In the twenty-first year of Richard II, a statute was passed naming commissioners who were empowered to hear and determine petitions "come leur meulx semblera par lour bone advys et discrecion." (21 Rich. II., cap. xvi.)

The wrongful acts of the commission so created were the ground for the repeal of all the acts of Parliament of 21 Richard II, after the deposition of the King (1 Henry IV., cap. 3); and in the Articles drawn up against Richard, one of the charges against him is that he "subtlely procured and caused to be granted" the provision for the appointment of the commission-"et hoc de voluntate Regis: in derogationem Status Parliamenti, et in magnum incomodum totius Regni, et perniciosum exemplum. And that they might seem to have some colour and authority for such their doings, the King caused the Parliament Rolls to be altered and blotted at his pleasure, against the effect of the said grant." Rot. Parl., 1 Henry IV. (1399), No. 25 (vol. iii. p. 418); Parliamentary History, vol. i. p. 257. See also Rot. Parl., vol. iii. p. 426, No. 70. In his will Richard bequeathed the royal treasure to his successor only on the condition that the statutes of the twenty-first year of his reign were observed and also the ordinances of the commission. This is complained of in the charges against him, as a defence of "statutes and ordinances which are erroneous and unjust, and repugnant to all law and reason." (Parl. Hist., vol. i. p. 263.)

In the heat of the struggle with Rome, the Parliament, in 1533, in the long preamble of the act concerning Peter's Pence and Dispensations, declared that all laws of religion observed in England up to that time had existed only by sufferance of the King and people, -the truth or falsity of which is of no importance here.

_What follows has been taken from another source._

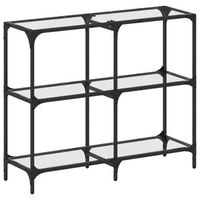 mesa consola superficie vidrio transparente acero 98x30x81 cm vidaxl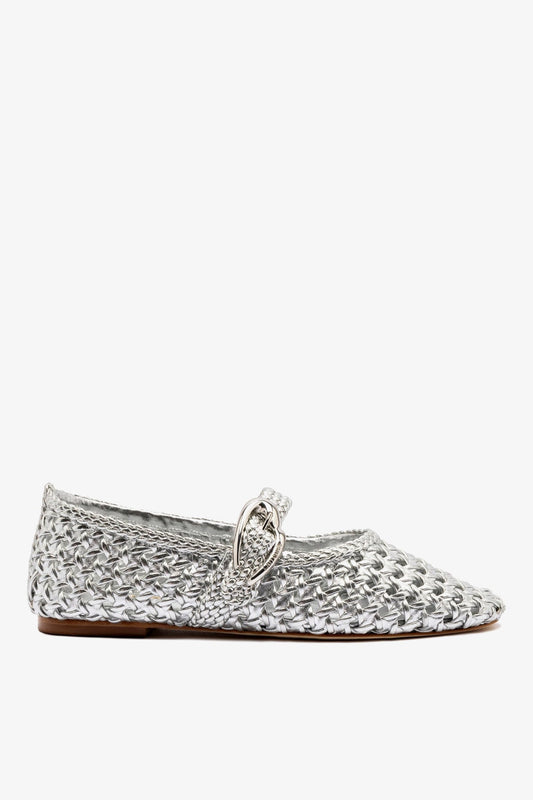Verona Macrame Ballet Flat In Silver Metallic Leather - Larroude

Then they continue: "It standeth therefore with natural Equity and good Reason, that in all and every such Laws human made within this Realm, or induced into this Realm by the said Sufferance, Consents and Custom, your Royal Majesty, and your Lords Spiritual and Temporal, and Commons, representing the whole State of your Realm, in this your most high Court of Parliament, have full Power and Authority, not only to dispense, but also to authorize some elect Person or Persons to dispense with those, and all other human Laws of this your Realm, and with every one of them, as the Quality of the Persons and Matter shall require." (25 Henry VIII., cap. 21.)

Six years later Parliament passed the celebrated Statute of Proclamations (31 Henry VIII., cap. 8, 1539), which Maitland calls "the most extraordinary act in the Statute Book." (C. H., p. 253.) This statute enabled the King with advice of his Council to issue Proclamations "under such Penalties and Pains as to him and them shall seem necessary, which shall be observed as though they were made by Act of Parliament." It is declared that this is not to prejudice any Person's "Inheritance, Offices, Liberties, Goods, Chattels, or Life;" but anyone willingly disobeying "shall pay such Forfeitures, or be so long imprisoned, as shall be expressed in the said Proclamations," and anyone leaving the realm to escape such punishment is to be adjudged a traitor. In the Parliament of 1542-3 it was enacted that nine of the King's Council might give judgement against violators of these proclamations (34-35 Henry VIII., cap. 23). The Statute of Proclamations, Stubbs says, "is one of the most curious phenomena of our constitutional life: for it employs the legislative machinery which by centuries of careful and cautious policy the parliament had perfected in its own hands, to authorize a proceeding which was a virtual resignation of the essential character of parliament as a legislative body; the legislative power won for the parliament from the king was used to authorize the king to legislate without a parliament." (Const. Hist., vol. ii. pp. 619, 620.)